I began to draw dinosaurs myself, not well but with enthusiasm.  Many of the resulting tableaus included people, stick figures really, running away from dinosaurs in fear.  The dinosaurs were standing in for adults, of course, and the people in the drawings were adults standing in for children.  The dinosaurs were acting in my stead and turning the tables on those real-life frightening creatures. 




All of this came back to me in a rush as I considered the question yesterday.  I think that I was six when I first saw “King Kong” on the Million Dollar Movie, that first week alone I watched it all the way through six or seven times.  I found it to be a well-made Hollywood movie that brought my old drawings to life in many ways.  There were dinosaurs, plus the mighty Kong, chasing down adults with all of the terrible energy that I had imagined, and the adults were even more afraid than I could ever have hoped. 

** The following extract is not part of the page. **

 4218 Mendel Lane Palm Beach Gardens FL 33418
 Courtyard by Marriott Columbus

There were others, “1,000,000 B.C.,” “The Lost World,” “Mighty Joe Young,” but “King Kong” was by far the best, and the most suitable for my psychological purposes.  Until “Godzilla” that is.

“Godzilla” raised the bar considerably on size, strength and terribleness, and in “Godzilla” even larger crowds of adults are even more afraid.  They scrambled around screaming, trying to save themselves.  The version that I saw was good enough for me at the time, although later I realized that there was an original version out there somewhere.  

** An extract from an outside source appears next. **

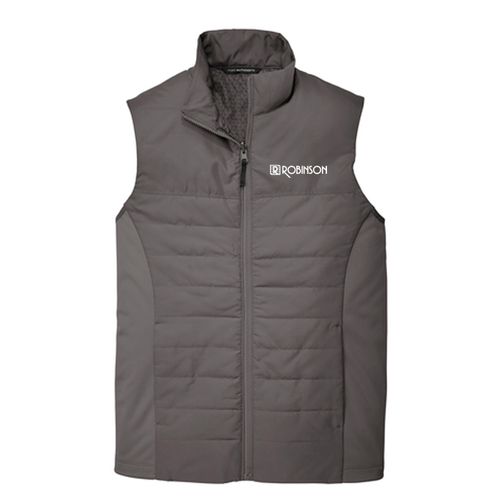 Port Authority Collective Insulated Vest image thumbnail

The original is a stunning artistic success.  The first “Godzilla” was a really good movie, a serious artistic effort with real themes and great human characters.  Not that Raymond Burr crap, amateurishly pasted together to please American audiences, but the original Japanese version.  Get ahold of it if you can. 

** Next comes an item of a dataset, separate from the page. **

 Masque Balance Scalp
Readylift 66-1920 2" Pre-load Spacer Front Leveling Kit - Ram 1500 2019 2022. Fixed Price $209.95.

Around this time I began to have recurring nightmares about King Kong and Godzilla, in which they took the place of adults, tormenting me and chasing me around.  I was about nine-years-old.  I had these dreams well into adulthood, with the imagery shifting appropriately. 

There’s a story that I like, and that I have told herein before, about Walter Koenig, “Star Trek’s” Chekov.  He was interviewed by TV Guide and it turned out that he is a big time toy collector.  The interviewer asked him if he was trying to recreate his childhood.  “No,” he said, “it’s more that I am trying to recreate my escape from my childhood.”  He’d had a tough time of it too, and his toys were a comfort to him. 

In that same way, Godzilla in particular, and giant monsters in general, are still a comfort to me.  So, one mystery solved!  What’s next on the agenda!

(I don't remember this last part myself, but it's nice to know that it was captured for posterity.)